**DIRECTIONS:**
Word for word, print each line of the listing below; pictures stay out.

**PROVIDED DATA:**
::::

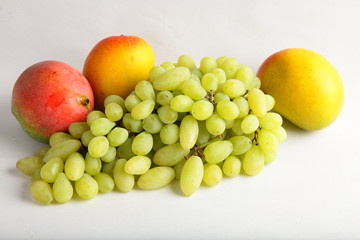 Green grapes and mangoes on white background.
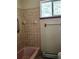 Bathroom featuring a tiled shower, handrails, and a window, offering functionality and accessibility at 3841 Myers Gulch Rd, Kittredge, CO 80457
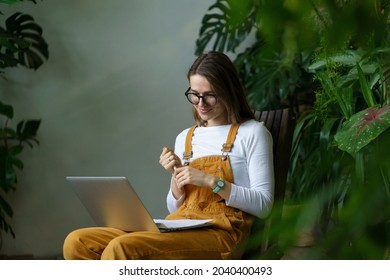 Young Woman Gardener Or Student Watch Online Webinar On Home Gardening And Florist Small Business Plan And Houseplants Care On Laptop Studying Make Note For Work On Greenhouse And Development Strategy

::::

**SOLUTION TO THIS TASK:**
 Green grapes and mangoes on white background.
 Bathroom featuring a tiled shower, handrails, and a window, offering functionality and accessibility at 3841 Myers Gulch Rd, Kittredge, CO 80457
 Young Woman Gardener Or Student Watch Online Webinar On Home Gardening And Florist Small Business Plan And Houseplants Care On Laptop Studying Make Note For Work On Greenhouse And Development Strategy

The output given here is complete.